Algo folclórico sobre esse assunto circulou na internet há algum tempo e caracterizava o signo de virgem como um típico adepto do "normismo", o "normóide" dos "normóides" (no sentido que estou tratando aqui). Diz o texto: "Virgem (23 de agosto a 22 de setembro). Você é metido a perfeccionista, observador e detalhista. Gosta de analisar e gerenciar tudo. Essa sua maldita mania faz de você um burocrata insuportável. Você é um bitolado e não tem nenhuma imaginação ou criatividade.
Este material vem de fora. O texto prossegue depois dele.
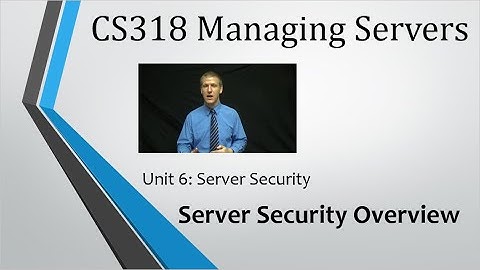 CS318 - Unit 6: Server Security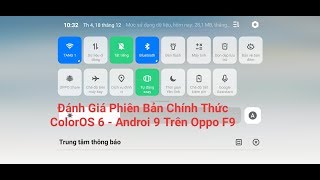 Đánh Giá Phiên Bản Chính Thức ColorOS 6 Android 9 Trên Oppo [ Có Nên Cập Nhật Lên ColorOS 6 Không ]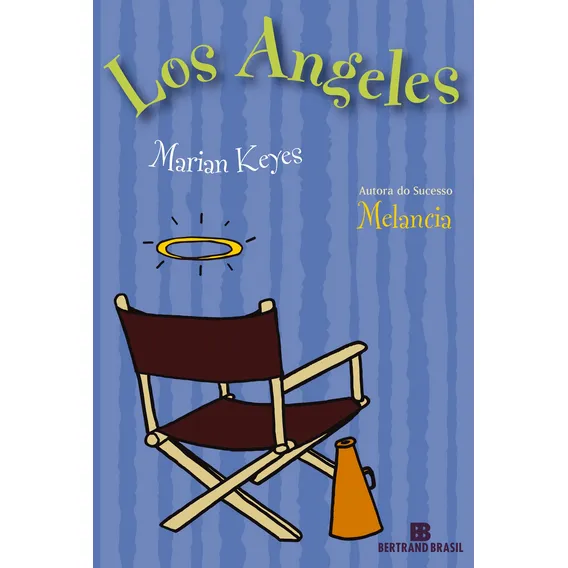 Los Angeles, de Keyes, Marian. Editorial Editora Bertrand Brasil Ltda., capa mole em português, 2007 Foto 1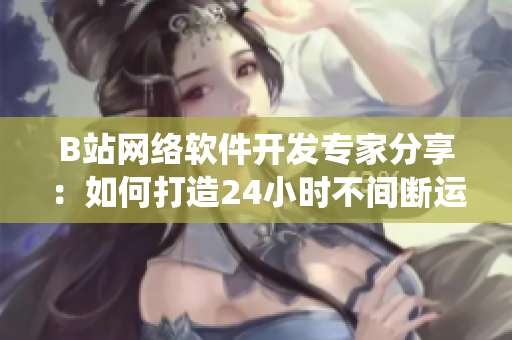 B站網(wǎng)絡(luò)軟件開(kāi)發(fā)專家分享：如何打造24小時(shí)不間斷運(yùn)行的軟件系統(tǒng)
Gosta mesmo é de tomar conta da vida dos outros. Critica os outros, 'mete o pau', mas não enxerga o próprio rabo. Quando as pessoas dos outros signos do zodíaco preenchem aquele maldito formulário de 15 vias carbonadas, de cinco cores diferentes, que devem ser batidos à máquina, elas não tem dúvida: só pode ser um virginiano que fez" (Folha Online, 17/04/2006). Mas, pensando bem, todos os "signos" podem vir a padecer desse mal.

Como todas as pessoas, tenho meu lado "normóide". Luto para superá-lo por saber que ele nos aprisiona. Isso não é nada bom. Boa é a liberdade. Saudável é saber que, como disse o velho Protágoras, "O ser humano é a medida de todas as coisas". Pode ser custoso, mas uma postura humanista perante a vida nos faz entender que acima da lei encontram-se o homem e a mulher, razão pela qual tê-los como nossas medidas pode ser o nosso princípio-gênese de todas as outras leis, flexibilizando-as quando a vida tiver de vir em primeiro lugar.